Union africaine : Les défis qui attendent Abdel Fattah el-Sissi à l’UA

Concrétisation de la Zone de libre échange africaine, lutte contre le terrorisme et poursuite des réformes de l’Union africaine constituent les axes majeurs du mandat d’Abdel Fattah al-Sissi à la tête de l’institution panafricaine en 2019.

Les 10 et 11 février 2019, les chefs d’Etat membres de l’Union africaine (UA) se retrouvent à Addis-Abeba, la capitale de l’Ethiopie, siège de cette institution. Occasion pour le résident rwandais, Paul Kagame, de passer la main à son homologue égyptien, Abdel Fattah al-Sissi. Au cours de ces travaux placés sous le thème « Des réfugiés, des rapatriés et des personnes déplacées : pour des solutions durables aux déplacements forcés en Afrique », les regards seront donc tournés vers le nouveau président de l’UA. Dont le programme a déjà été décliné en décembre 2018 par son ministre des Affaires étrangères, Sameh Shoukry. Selon ce dernier, Abdel Fattah al-Sissi a un programme qui comporte trois priorités.

Dans un premier temps, le chef de l’Etat égyptien compte s’attaquer au « développement des échanges commerciaux et l’accroissement des opportunités d’investissement interafricains ». Question de concrétiser la Zone de libre échange continentale africaine (Zleca) signée par 49 Etats et ratifiée par 13 seulement dans un contexte où l’on a besoin d’au moins la moitié pour démarrer. Il faudra donc s’attaquer aux pesanteurs qui tirent encore vers le bas ce projet qui ouvre un vaste marché intérieur aux produits africains dont la compétitivité est régulièrement élimée par la tendance aux pays africains à consommer tout ce qui vient de l’Occident.

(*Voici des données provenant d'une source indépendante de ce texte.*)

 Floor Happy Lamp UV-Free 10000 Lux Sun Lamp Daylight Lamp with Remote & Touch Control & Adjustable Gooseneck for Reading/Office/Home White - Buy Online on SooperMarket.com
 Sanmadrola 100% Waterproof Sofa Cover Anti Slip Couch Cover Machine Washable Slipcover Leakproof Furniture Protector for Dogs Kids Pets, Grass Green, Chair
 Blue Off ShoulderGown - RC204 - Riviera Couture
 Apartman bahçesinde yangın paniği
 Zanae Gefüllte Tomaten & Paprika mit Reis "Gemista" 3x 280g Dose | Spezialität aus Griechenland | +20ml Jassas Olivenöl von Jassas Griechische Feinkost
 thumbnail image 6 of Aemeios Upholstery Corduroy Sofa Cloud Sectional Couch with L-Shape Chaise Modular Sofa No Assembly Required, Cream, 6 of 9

Ensuite, Abdel Fattah al-Sissi compte faire de la lutte contre le terrorisme l’une de ses trois priorités. Son pays, comme de nombreux autres en Afrique, est confronté à ce phénomène aux conséquences néfastes sur le développement du continent. Ces dernières semaines, le Burkina Faso est devenu le théâtre de multiples attaques terroristes qui prennent pour cible les soldats. Idem avec l’attaque revendiquée par Al Qaeda au Maghreb islamique (AQMI) qui, le 20 janvier 2019 à Aguelhok au Nord-Est du Mali, a fait dix morts dans les rangs des Casques bleus tchadiens. Le Cameroun et le Nigeria ne sont pas non plus épargnés par les attaques de Boko Haram. Le Kenya, avec l’attaque du Dussit 2 le 15 janvier 2019. Pour le camp Al-Sissi, cette ambiance faite d’absence de sécurité est un des obstacles majeurs qui empêchent la venue d’investisseurs étrangers. Le troisième pilier de l’action du chef de l’Etat égyptien à la tête de l’UA est la poursuite des réformes initiées par son prédécesseur, le président Paul Kagame. Les observateurs estiment que ce dossier, principal cheval de bataille du président sortant durant son exercice, n’a pas avancé selon ses souhaits. La faute à certaines réticences de la part des Etats membres de l’Union.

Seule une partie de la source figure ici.